The use of silent speech interfaces (SSI) has gained popularity recently. Silent speech has more application situations than spoken speech because it does not require users to vocalize sounds, which has limitations.

Ruidong Zhang, an information science doctorate student, is wearing EchoSpeech. This silent-speech recognition interface uses acoustic detection and artificial intelligence to continually recognize up to 31 unvocalized commands based on lip and mouth motions.

According to researchers, The low-power, wearable interface, developed by Cornell’s Smart Computer Interfaces for Future Interactions (SciFi) Lab, takes only a few minutes of user training data before it can recognize commands and run on a smartphone.

Image showing EchoSpeech
Credit: Cornell Chronicle

The EchoSpeech glasses, equipped with microphones and speakers the size of pencil erasers, transform into a wearable AI-powered sonar system, sending and receiving soundwaves across the face and tracking mouth movements. The echo profiles are then analyzed in real-time by a deep learning system built by SciFi Lab researchers, with around 95% accuracy. 

Zhang is the lead author of “EchoSpeech: Continuous Silent Speech Recognition on Minimally-obtrusive Eyewear Powered by Acoustic Sensing,” which will be presented this month in Hamburg, Germany, at the Association for Computing Machinery Conference on Human Factors in Computing Systems (CHI). 
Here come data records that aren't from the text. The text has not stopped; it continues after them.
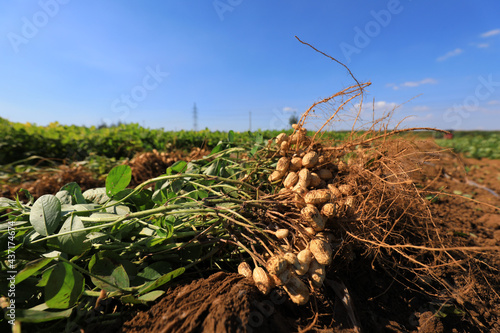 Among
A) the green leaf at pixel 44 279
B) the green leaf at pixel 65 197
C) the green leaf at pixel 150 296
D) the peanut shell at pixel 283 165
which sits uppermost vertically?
the peanut shell at pixel 283 165

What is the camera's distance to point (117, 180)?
4.51 feet

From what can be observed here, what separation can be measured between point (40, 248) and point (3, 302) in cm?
29

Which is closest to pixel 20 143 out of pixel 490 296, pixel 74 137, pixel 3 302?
pixel 74 137

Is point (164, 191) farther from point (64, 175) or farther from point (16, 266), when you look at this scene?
point (64, 175)

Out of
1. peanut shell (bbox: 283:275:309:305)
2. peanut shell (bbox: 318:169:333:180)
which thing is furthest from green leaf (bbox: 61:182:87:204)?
peanut shell (bbox: 318:169:333:180)

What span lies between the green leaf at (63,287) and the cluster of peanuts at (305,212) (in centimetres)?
65

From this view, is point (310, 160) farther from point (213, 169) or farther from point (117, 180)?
point (117, 180)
Zhang from Cornell University said, “For people who cannot vocalize sound, this silent speech technology could be an excellent input for a voice synthesizer. It could give patients their voices back.”

EchoSpeech could be used to communicate with others via smartphone in places where voice is inconvenient or improper, such as a busy restaurant or a quiet library, with further development. The silent speaking interface can also be utilized with design tools such as CAD when connected with a stylus, eliminating the need for a keyboard and mouse.
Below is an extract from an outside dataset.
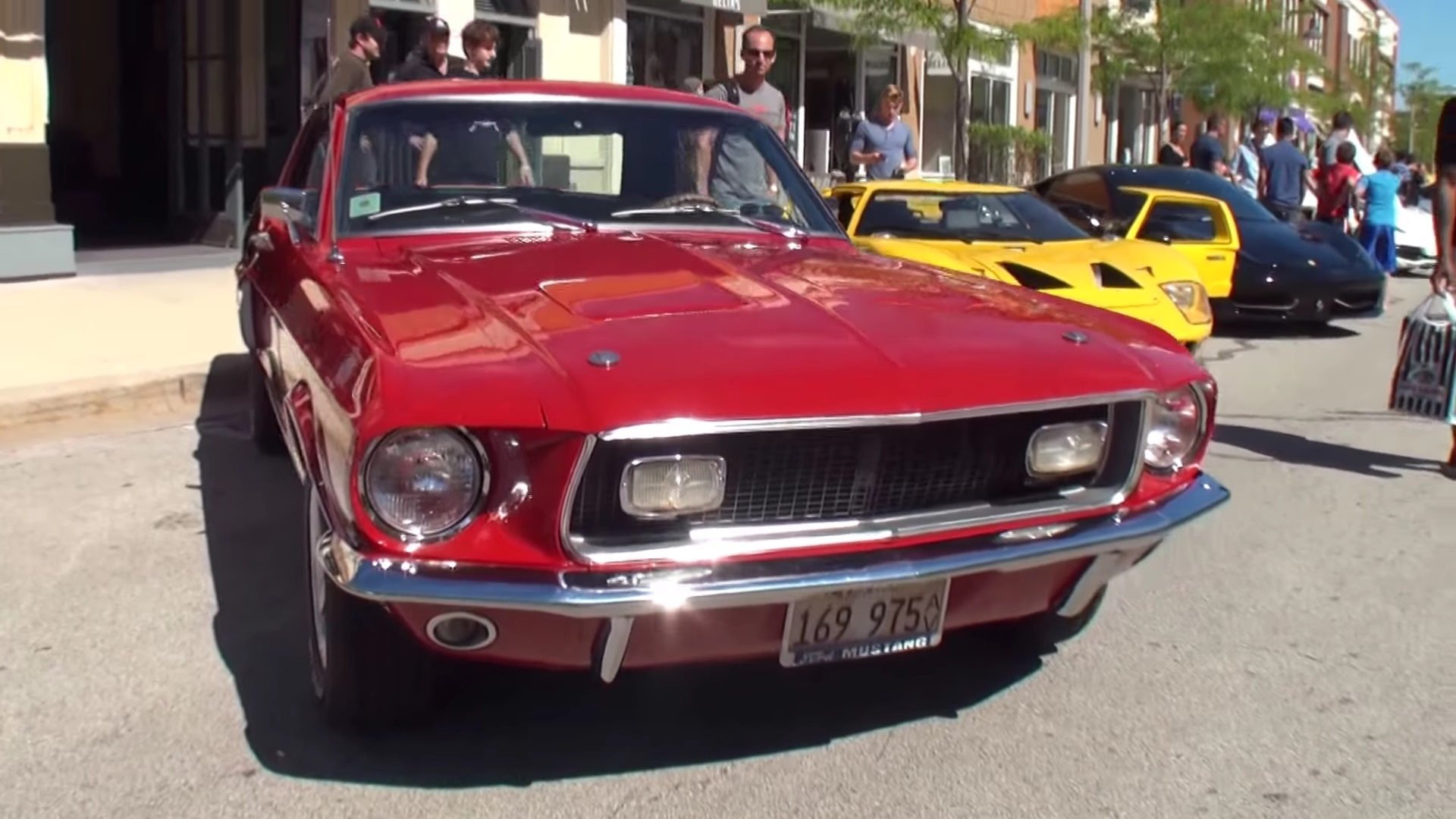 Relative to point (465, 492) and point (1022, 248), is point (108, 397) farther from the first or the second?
point (465, 492)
He also said, “We’re moving sonar onto the body.” 

The SciFi Lab has created various wearable gadgets that use machine learning and tiny, miniature video cameras to track body, hand, and facial movements. The lab recently switched from cameras to acoustic sensors to track face and body movements, citing excellent battery life, stricter security and privacy, and smaller, more compact gear as reasons. EchoSpeech is based on the lab’s related acoustic-sensing technology, EarIO, a worn earbud that records facial movements.

According to Cheng Zhang, Most silent-speech recognition technology is limited to a small set of prepared orders. It needs the user to face or wear a camera, which is neither practical nor practicable. He noted that there are also significant privacy risks with wearable cameras for both the user and others with whom the user interacts.

EchoSpeech, an acoustic detection technology, eliminates the need for wearable video cameras. According to François Guimbretière, professor of information science at Cornell Bowers CIS and a co-author, Because audio data is significantly smaller than image or video data, it requires less bandwidth to analyze. It can be conveyed to a smartphone in real time over Bluetooth.

He said, “And because the data is processed locally on your smartphone instead of uploaded to the cloud. Privacy-sensitive information never leaves your control.”

According to Cheng Zhang, battery life also rises enormously: ten hours with acoustic sensing versus 30 minutes with a camera.

SciFi Lab researchers are investigating smart-glass applications that track the facial, eye, and upper body motions in future work. 

The researcher said, “We think glass will be an important personal computing platform to understand human activities in everyday settings.” 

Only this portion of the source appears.